こんにちは。今回はイギリスで大学1年生が終わりましたので、多くの大学留学を希望する方が疑問に持つと思われる勉強面を中心にお話ししたいと思います。学習内容は学ぶ分野や学校によっても異なると思いますので、私の経験は参考程度になるといいかと思います。

オンライン/ブレンドラーニングの授業

私の通うキングストン大学は、ファッションや音楽などの芸術分野から私の学ぶ社会学や法科学まで幅広く様々な専攻分野がありますが、今のパンデミックの影響で、2020年からのこの1年は学ぶ分野によって登校頻度などが異なりました。

私は社会学と国際関係学を専攻していて実験などがないため、ほとんどの授業がオンラインで行われました。最初の2ヶ月程度はまだコロナの規制が緩和されていたためブレンドラーニングという形で対面とオンラインの授業が交互に行われ、その後ロックダウンになってからは1学年終わるまでずっとオンラインでの授業でした。

やはり対面であった方が生徒同士のディスカッションもできるので授業内容の理解も深まるとともに友達もできやすいと感じました。一方でオンラインだからといってこれといって困ることはなく、プレゼンテーションなども留学前にbeoで受講していた大学進学準備コース(IFY)のコースでやったようにできたので、IFYがとても役に立ったと思います。

大学のコース課題とグレード(成績)

グレードのつけ方はコースや学校によって様々ですが、私の場合は課題が100%でした。そして私の専攻ではテストはなく、すべてレポートやエッセイが課題でした。エッセイの内容は、 “比較をする”というものが多く、そのトピックは何個か先生が出したものから選ぶことができるので、自分の興味のある分野を深く掘り下げて学ぶことができました。例えば国際関係で私の選んだトピックの1つは、「反植民地主義と国家主義を比べて1200語で書く」というものでした。他にも、社会学では「SNSと社会学者ゴッフマンの生み出したドラマツルギーの相違点を述べる」などがお題のエッセイを書きました。

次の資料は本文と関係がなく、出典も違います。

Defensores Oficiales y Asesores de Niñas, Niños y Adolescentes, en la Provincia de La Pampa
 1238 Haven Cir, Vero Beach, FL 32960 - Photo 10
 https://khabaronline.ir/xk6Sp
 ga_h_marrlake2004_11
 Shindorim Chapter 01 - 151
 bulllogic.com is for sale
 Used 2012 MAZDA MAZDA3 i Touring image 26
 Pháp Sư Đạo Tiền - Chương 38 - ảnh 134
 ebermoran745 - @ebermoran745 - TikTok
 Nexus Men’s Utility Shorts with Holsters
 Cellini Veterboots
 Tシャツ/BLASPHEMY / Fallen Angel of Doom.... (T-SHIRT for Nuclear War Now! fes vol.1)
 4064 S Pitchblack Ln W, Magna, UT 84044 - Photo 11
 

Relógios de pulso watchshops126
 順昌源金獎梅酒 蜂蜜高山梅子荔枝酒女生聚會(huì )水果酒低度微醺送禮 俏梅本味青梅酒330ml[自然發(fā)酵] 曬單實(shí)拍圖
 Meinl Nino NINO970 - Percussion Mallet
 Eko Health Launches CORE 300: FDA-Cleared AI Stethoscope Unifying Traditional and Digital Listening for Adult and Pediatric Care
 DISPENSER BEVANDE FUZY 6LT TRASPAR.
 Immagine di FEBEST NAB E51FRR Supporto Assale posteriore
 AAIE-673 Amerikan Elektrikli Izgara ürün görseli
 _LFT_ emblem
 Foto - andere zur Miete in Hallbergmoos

不思議と英語で学んでいると、第一言語であるにもかかわらず日本語で説明する方が少し難しく感じますが、このようなエッセイを書くにあたって大事なことは自分の考え方をいかに正当化するかということです。そのため、同じお題で書いていても他の学生と内容がかぶることはほとんどなく、結論すらもそれぞれ書く人によって異なります。ある授業中に例として出されたエッセイの結論は、私と同じお題で書かれているのにもかかわらず全く異なり、視点によってこんなにも違うのかと驚くとともに他者の見解を伺うことができてとても興味深いと感じました。

このように先生は正解よりもそれぞれの生徒の思考力をジャッジするため、参考文献等のルールにはとても厳しく、私も事実一度引っかかってしまいました。参考文献のルールに引っかかると私の学部では課題評価が0点になるようになっていますが、今回は1年目の最初の課題であったということが考慮され、元の点数の40%の評価となりました。その後はより参考文献に気を使いながら課題をこなしています。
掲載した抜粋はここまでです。